- **Problem to work on**
Reproduce every line of the listing as written, apart from the pictures.

***** Data *****

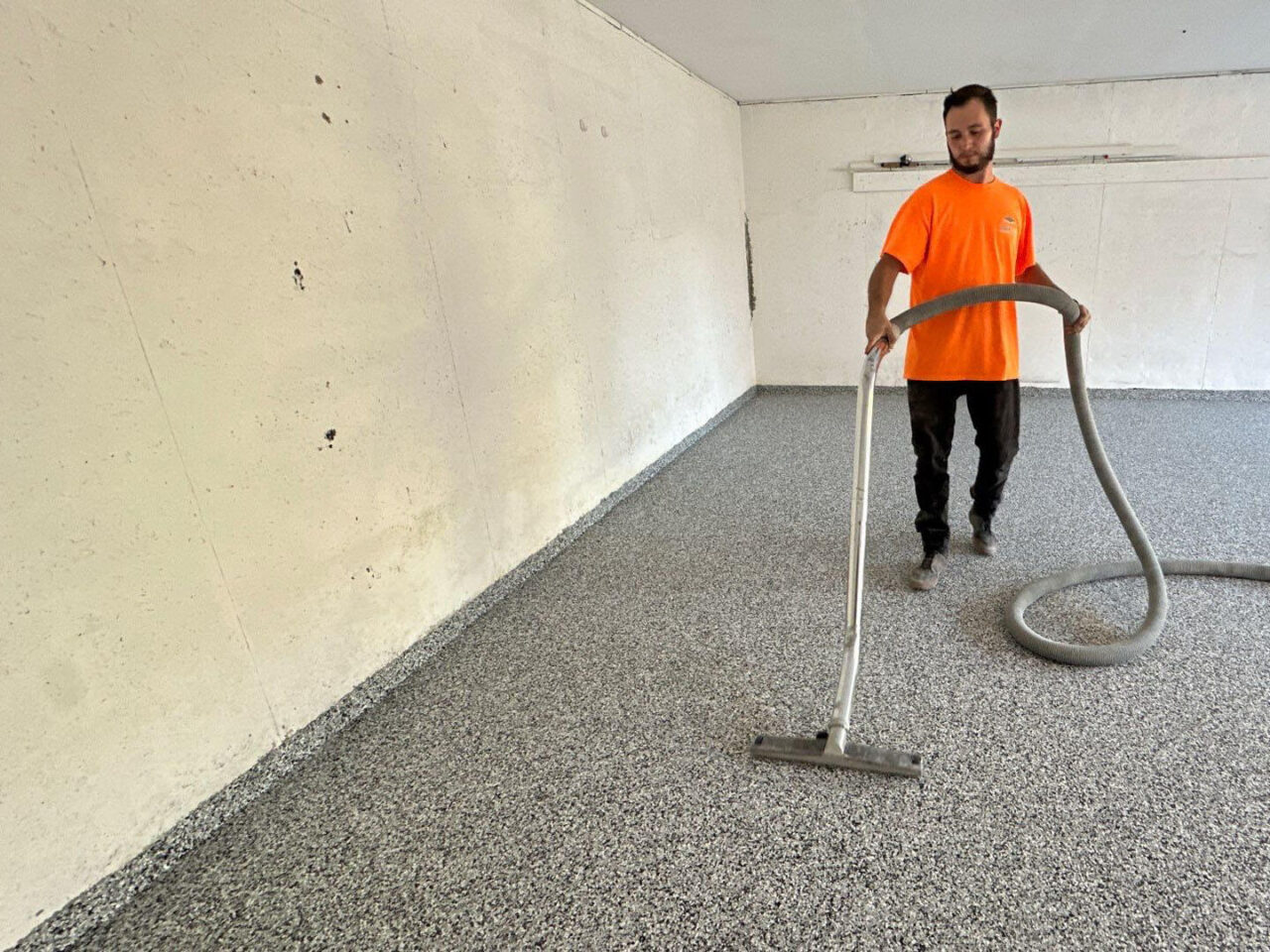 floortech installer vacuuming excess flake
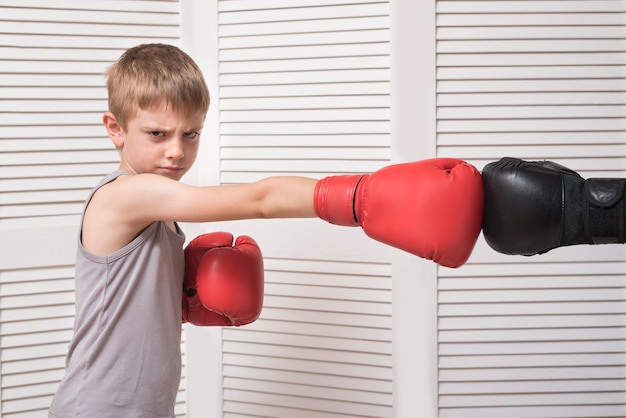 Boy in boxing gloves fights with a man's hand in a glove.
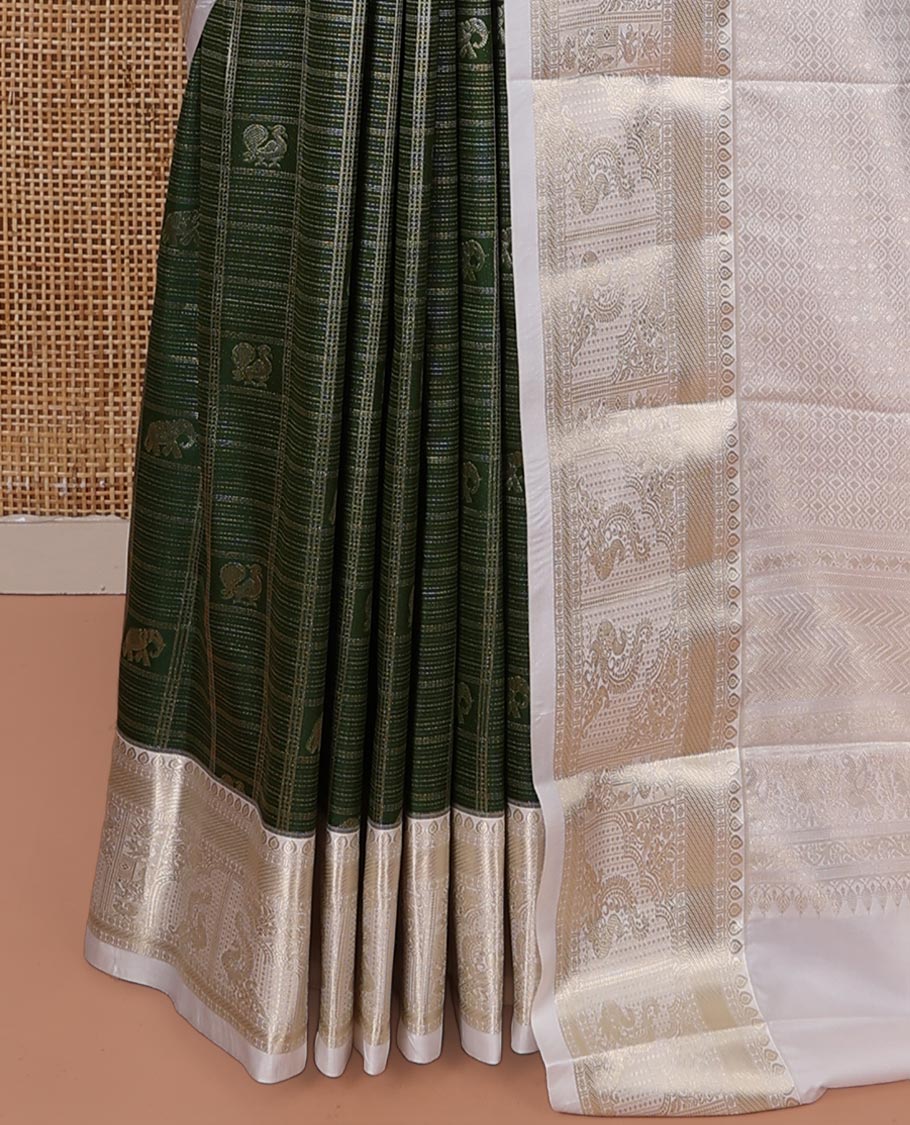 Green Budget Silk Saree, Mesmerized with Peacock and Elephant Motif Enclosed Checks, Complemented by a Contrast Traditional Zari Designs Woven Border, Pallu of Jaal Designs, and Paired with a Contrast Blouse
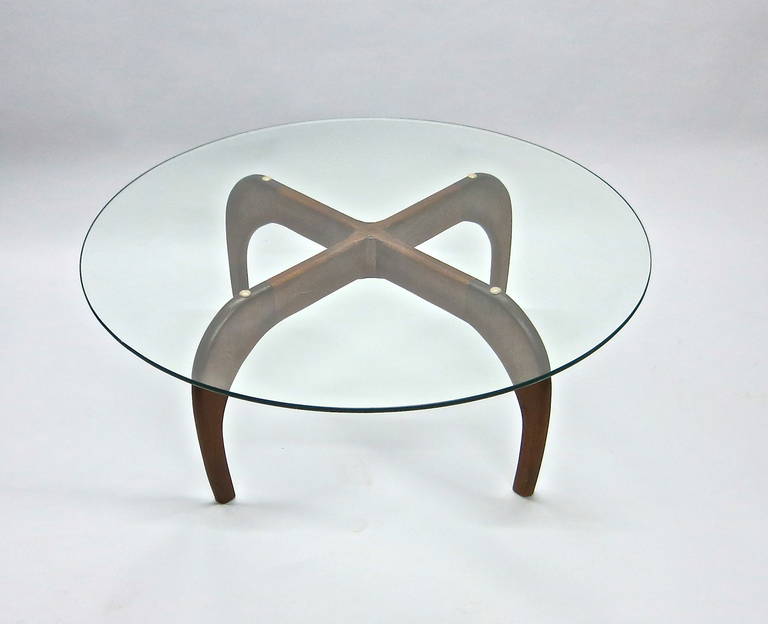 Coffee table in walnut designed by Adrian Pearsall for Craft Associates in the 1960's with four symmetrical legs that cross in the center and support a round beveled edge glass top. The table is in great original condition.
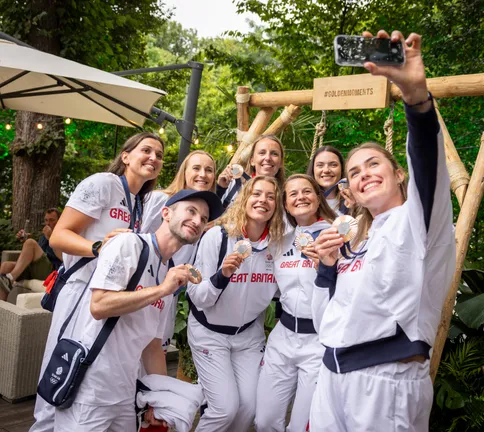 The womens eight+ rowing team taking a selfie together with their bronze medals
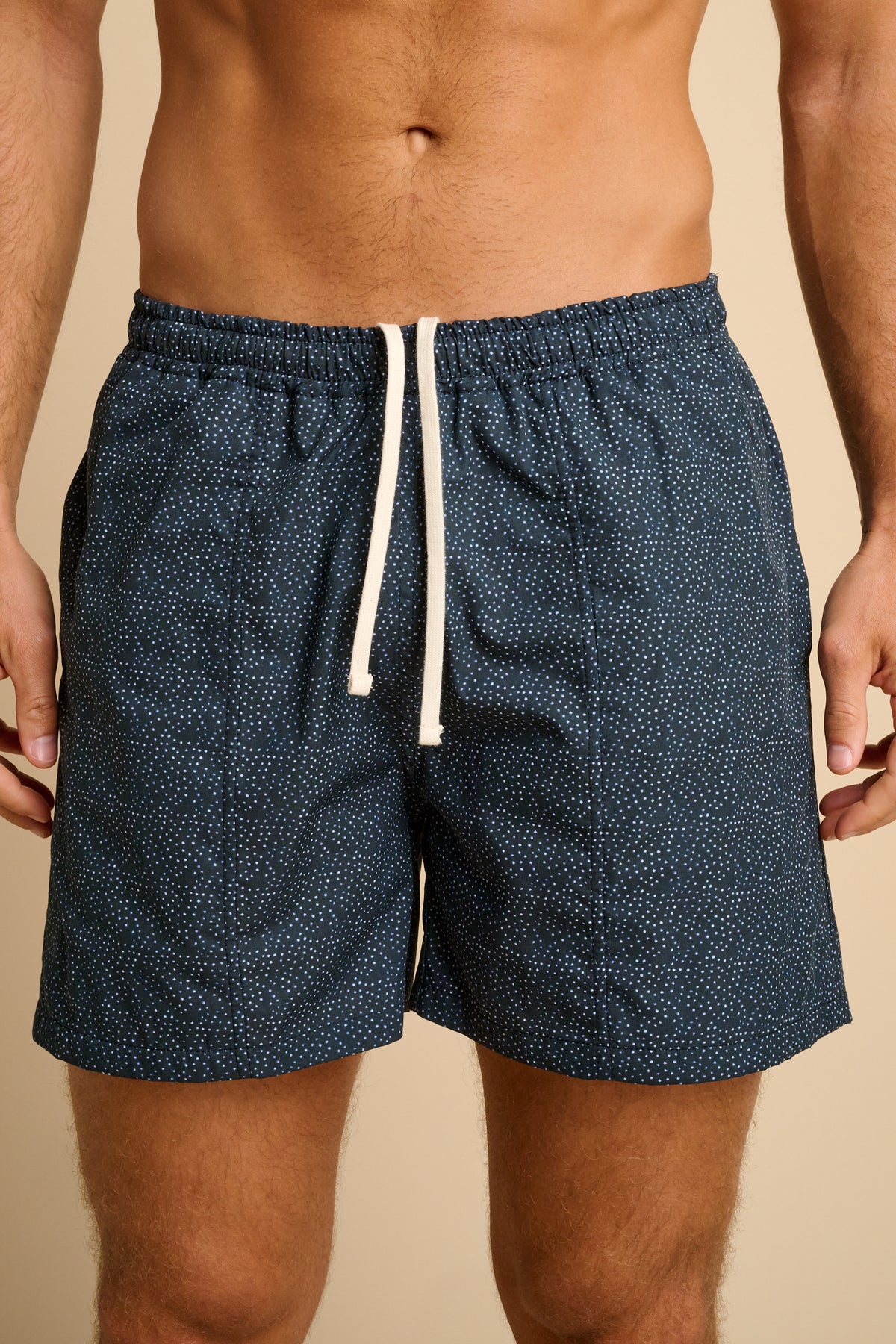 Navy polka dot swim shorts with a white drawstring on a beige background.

*****

- **Result of this task**
 floortech installer vacuuming excess flake
 Boy in boxing gloves fights with a man's hand in a glove.
 Green Budget Silk Saree, Mesmerized with Peacock and Elephant Motif Enclosed Checks, Complemented by a Contrast Traditional Zari Designs Woven Border, Pallu of Jaal Designs, and Paired with a Contrast Blouse
 Coffee table in walnut designed by Adrian Pearsall for Craft Associates in the 1960's with four symmetrical legs that cross in the center and support a round beveled edge glass top. The table is in great original condition.
 The womens eight+ rowing team taking a selfie together with their bronze medals
 Navy polka dot swim shorts with a white drawstring on a beige background.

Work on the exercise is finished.